The bias was partly the result of centuries in which colonizers pitted Christianized Filipinos against Muslims to conquer resource-rich Mindanao in the classic divide-and-rule strategy.
“That, I think, is one of the reasons why we have this so-called Muslim-Christian antipathy, each one calling the other some negative names,” Tanggol said. “The Moros were then regarded as pirates or brigands, the Christians being referred to as traitors. And this was passed on to succeeding generations.”
To be sure, Mindanao’s history goes beyond the so-called Moro Wars, when sultanates fought Spanish colonizers, and later American forces. Centuries earlier, it was about Mindanao’s original inhabitants, the indigenous tribes, some of which later became Islamized and others not; about the Muslim elite co-opted by governments and politicians in Manila; about campaigns that saw Filipinos from the north taking Moro lands; and about the violence throughout Muslim history that came to a head when Ferdinand Marcos ruled the country.
“Philippine history has to be deconstructed,” said University of the Philippines Institute of Islamic Studies Dean Julkipli Wadi of this complex narrative, pointing out omissions and errors in textbook history.
That history is written mostly from the Western perspective and usually places the country’s starting point at its “discovery” by Ferdinand Magellan in the 16th century. In reality, Wadi said, a vibrant and flourishing civilization shaped by Islam had been in existence at least two centuries earlier in the South, when sultanates traded with the Chinese, Arabs and Hindus, whose influence spread peacefully over the islands.
Some Muslim enclaves had reached Luzon, Wadi said, “so we could not erase the fact that Filipinos have Muslim blood in their veins.”
The aggressive Spanish Army and clergy in the 1500s pacified Northern and Central Philippines in the name of Catholicism, but failed to subdue the South. After close to 400 years of oppressive conquest, Filipinos overthrew Spanish rule, only to have their victory snatched from them by American invaders.
That Mindanao was a separate political entity is clear in historical accounts that say Gen. Emilio Aguinaldo asked his fellow revolutionaries during the Malolos Congress of 1898 for authority to talk to the Sultan of Sulu.
“Aguinaldo was forced to extend what possibly could become a treaty of alliance with the Sulu Sultanate when he proposed the formation of a federation,” Wadi said.
Aguinaldo supposedly sent a letter through his cousin Baldomero Aguinaldo to the Sultan, who is said to have responded, “You have your own history; we have our own history.”
The Malolos Congress turned Aguinaldo down. “It is not improbable that the cultural bias and political neglect by the Christian majority vis-à-vis the Muslim Filipinos during the American regime and during the Republic would not have been possible had the Christian lawyers in the Malolos Congress appreciated Aguinaldo’s vision of a nation,” said former education secretary and University of the Philippines president Onofre D. Corpuz in his book The Roots of the Filipino Nation.
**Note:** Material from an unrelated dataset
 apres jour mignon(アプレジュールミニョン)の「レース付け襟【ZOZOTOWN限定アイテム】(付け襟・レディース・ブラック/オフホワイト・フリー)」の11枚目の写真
“It is probable, on the other hand, that the Moro National Liberation Front rebellion of the early 1970s was the inevitable bitter fruit of that lack of appreciation,” Corpuz said.
Rather than concede to Filipinos, Spain staged a mock battle at Manila Bay to pretend defeat by the Americans. It was a win-win situation for the two colonial powers. Spain got $20 million in exchange for ceding its colonies—Cuba, Puerto Rico and the Philippines—to the United States under the Treaty of Paris. It was a terrible loss and betrayal of Filipinos and their Muslim brothers.
The Muslims have maintained that Spain had no control over southern Philippines and therefore had no right to cede or sell it to the Americans like they did Cuba and Puerto Rico. “In the first place, Spanish forces in the Philippines had no control over substantial areas in Muslim Mindanao and Sulu,” Wadi said.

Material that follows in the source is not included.